The Communities Secretary said the size of extensions allowed without planning permission could be ‘considerably less’ than the 26ft originally proposed.
The three-year relaxation of existing rules was the centrepiece of a package launched by David Cameron in September to boost the construction industry.
Critics accused the Government of sanctioning a ‘free-for-all’ which would lead to an upsurge in neighbour disputes.
Councils also united against the plans, with the Local Government Association saying they would result in ‘unsightly and out-of-place development’ – and warning that local authorities would refuse to implement them.
In an interview with The House magazine yesterday, Mr Pickles said ministers had not reached a ‘final decision’ on the scale of extensions which would not need planning permission, and that the eventual proposals could be ‘considerably less’ than first announced.
Homeowners are currently allowed to build a single-storey 10ft extension without planning permission if they live in a terraced property, and one of 13ft if they live in a detached house. Mr Cameron had said these limits should be doubled.
Mr Pickles also hit out at the Tory-run LGA, describing it as a ‘sort of trade union organisation’ which repeatedly ‘cries wolf’.
Free-for-all: Critics said that the Government's plans would see a surge in neighbourly disputes (file picture)
He also voiced irritation at the continuing reluctance of many councils to reinstate weekly bin collections – an issue he has championed in Government. ‘Most people out there would like their bins cleaned on a weekly basis,’ he said. ‘It is such a drag.’

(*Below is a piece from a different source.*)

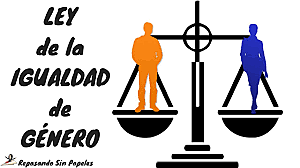 La Ley de la Igualdad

In a separate move, he declared victory in his bid to kill off Liberal Democrat plans to levy a ‘conservatory tax’ on people carrying out home improvements.
The proposals by former Climate Change Secretary Chris Huhne would have forced homeowners to carry out energy-efficiency improvements when extending properties, converting lofts or garages, or replacing boilers and windows.
Announcing that the plans had been abandoned, Mr Pickles said: ‘I believe that this Government should stand up for families who have saved, work hard and want to improve their homes.’